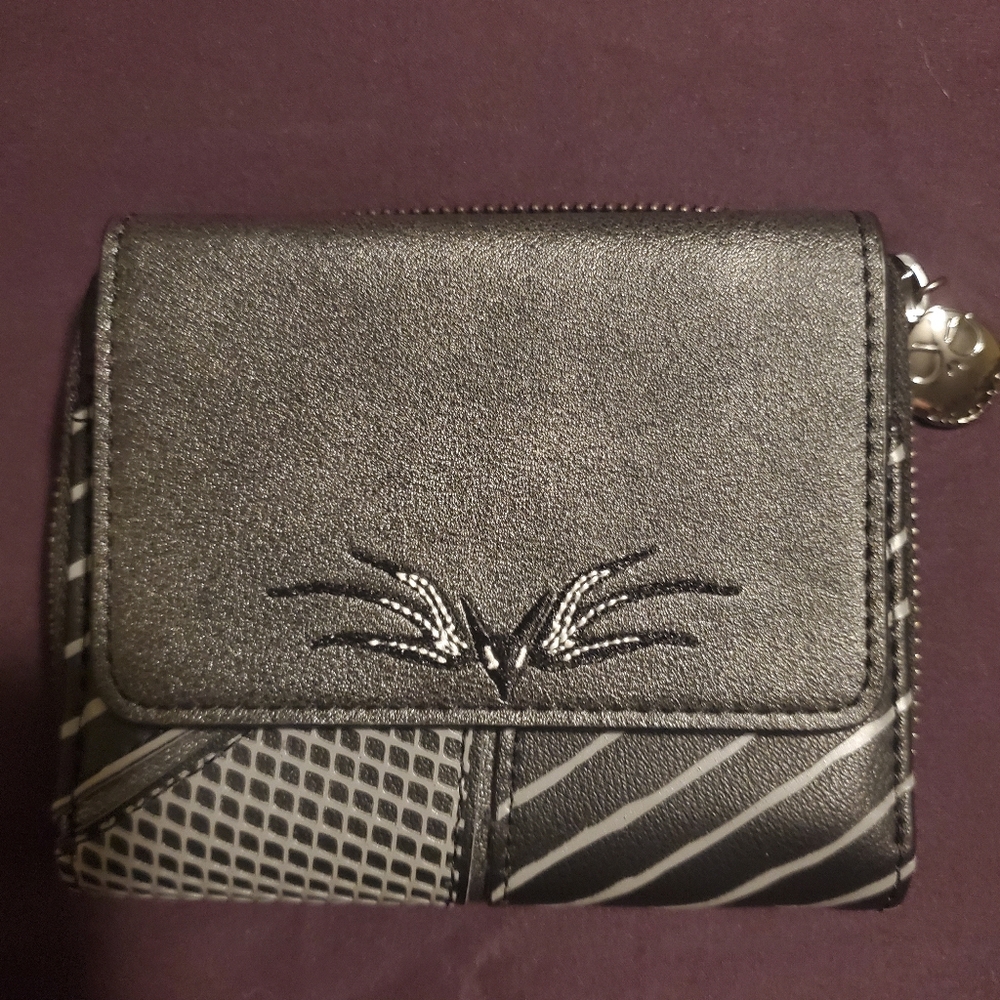 SOLD on Ⓜ️NBC Wallet nwot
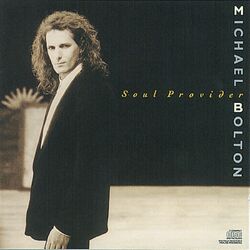 Cover of Soul Provider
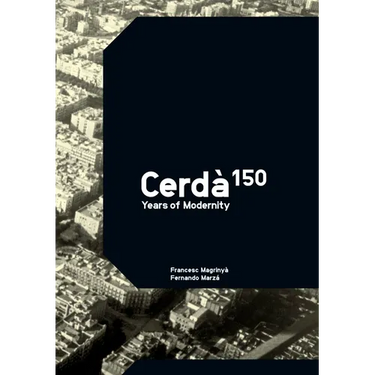Cerda: 150 Years of Modernity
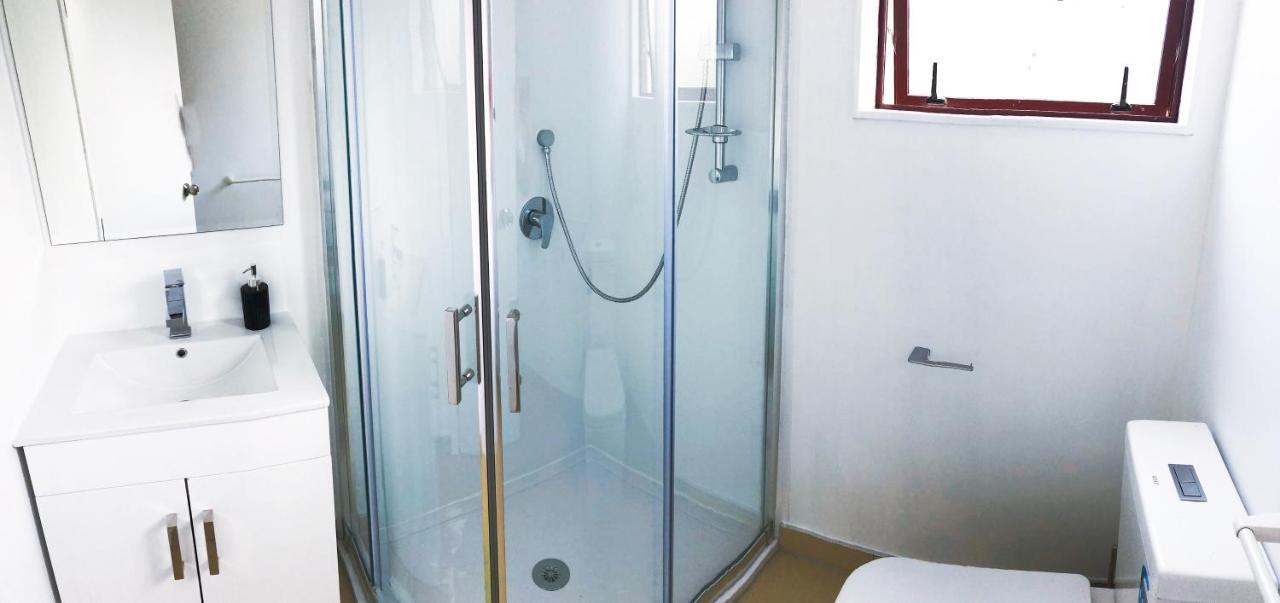 Strid House 4* Auckland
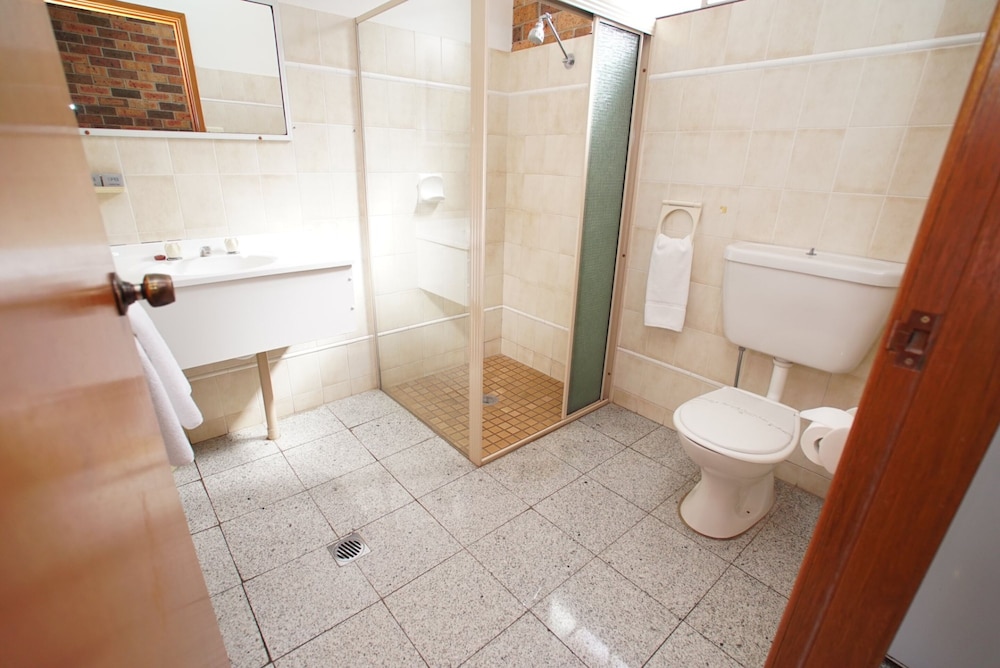 Standard Double or Twin Room photo 2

* WHAT IS EXPECTED *
Transcribe exactly the lines that go from the one holding "Cerda: 150 Years of Modernity" through the last line of the entries, both included, and nothing besides them. Do not include any pictures.

* TASK OUTPUT *
Cerda: 150 Years of Modernity
 Strid House 4* Auckland
 Standard Double or Twin Room photo 2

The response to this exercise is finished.